Joe Biden accuse la Chine de manquer de transparence

Cet audit a été réalisé à la demande de Joe Biden. Le président américain a publié un communiqué suite à ce rapport. Il accuse la Chine de manquer de transparence et de cacher des informations. Le président appelle Pékin à autoriser les experts internationaux à mener leurs enquêtes sur place.

« Même si notre audit est terminé, nous n'arrêterons pas de chercher la vérité sur cette pandémie », assure Joe Biden.

Pour Pékin, une « manipulation politique »

Trois mois pour arriver à ce que l’on savait déjà, indique notre correspondant à Pékin, Stéphane Lagarde : le Covid-19 n’a pas été développé comme « une arme biologique », il n’a « probablement » pas été conçu « génétiquement » et les dirigeants chinois n’en avaient « pas connaissance avant l’apparition de l’épidémie. »

Voilà ce que disent les limiers américains chargés de retrouver la boîte de pandore.

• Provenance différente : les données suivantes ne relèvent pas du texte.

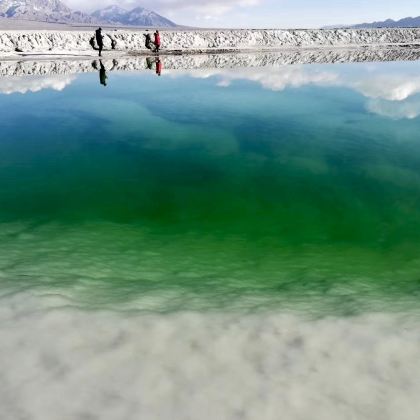 敦煌+鸣沙山+德令哈+茶卡盐湖+青海湖+西宁5日4晚私家团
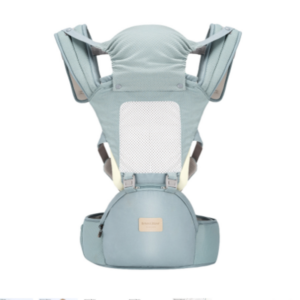 Porte-bébé en tissu bleu clair et blanc sur un fond blanc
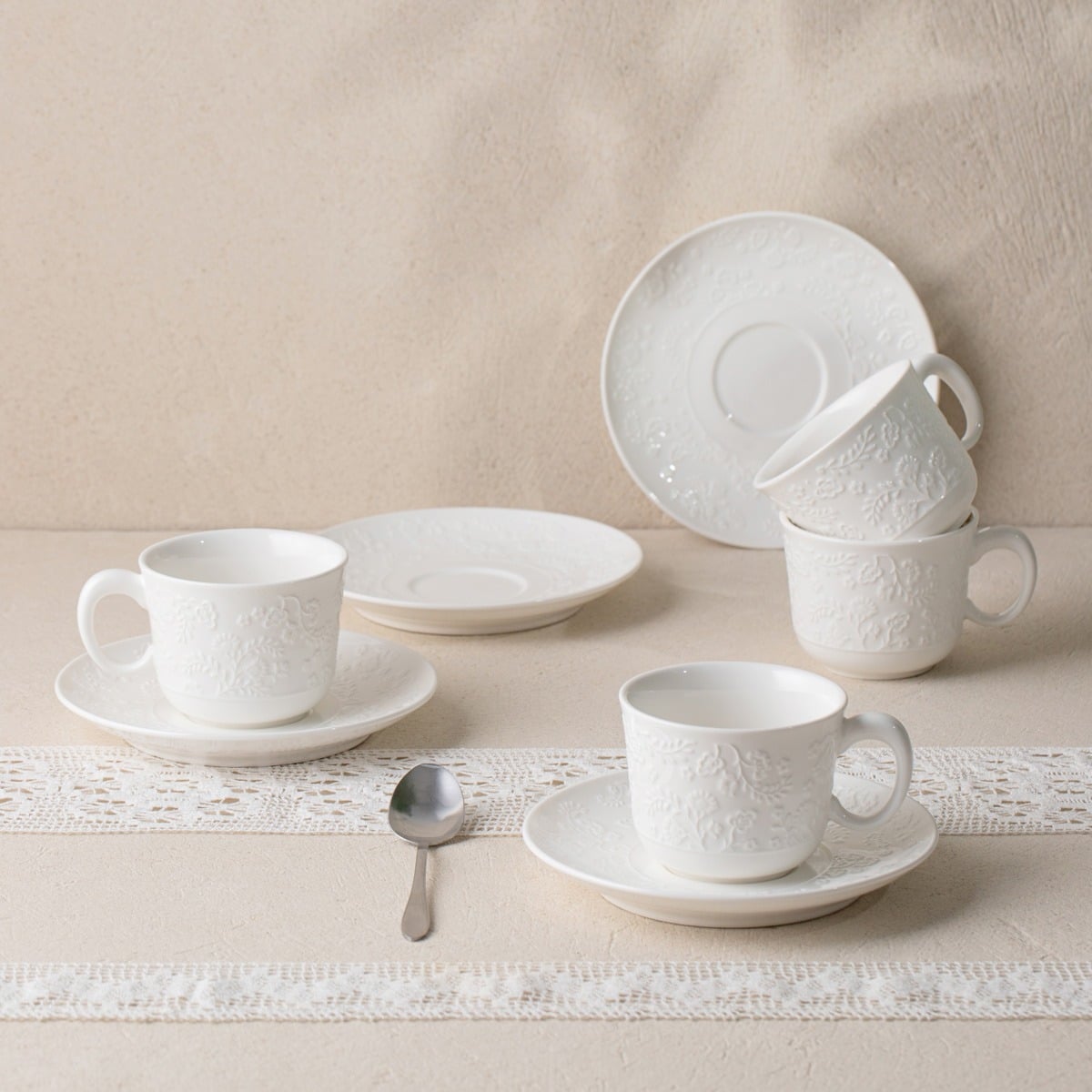 Set of 4 BENO White Ceramic Cups with Saucers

Pour le reste, on en est toujours au même point : impossible de trancher entre origine animale et accident de laboratoire. Cette dernière hypothèse, Pékin n’a jamais voulu en entendre parler. Depuis mars 2020, la Chine avance même l’idée que le SRAS-Cov2 (acronyme longtemps interdit d’emploi dans les médias d’État pour ne pas rappeler le premier SRAS) pourrait être apparu en dehors des frontières chinoise.

Pour l'ambassade de Chine à Washington ce rapport américain serait donc basé « sur une présomption de culpabilité » et viendrait « manipuler » la science pour des motifs « politiques ». Ce qui devrait être un « ouf » de soulagement reste en réalité une question ultrasensible sensible en Chine. Motif de représailles économiques : l’Australie qui a osé demandé qu’une enquête indépendante puisse être menée dans les laboratoires de Wuhan continue d'en payer le prix. Contrefeu médiatique aussi. Tout en répétant que l’hypothèse d’une fuite de laboratoire est « hautement improbable », la propagande chinoise, qui n’est pas à une contradiction près, martèle depuis des semaines que l’OMS ferait bien d’aller fouiller dans les placards de l’institut de virologie de Fort Detrick aux États-Unis.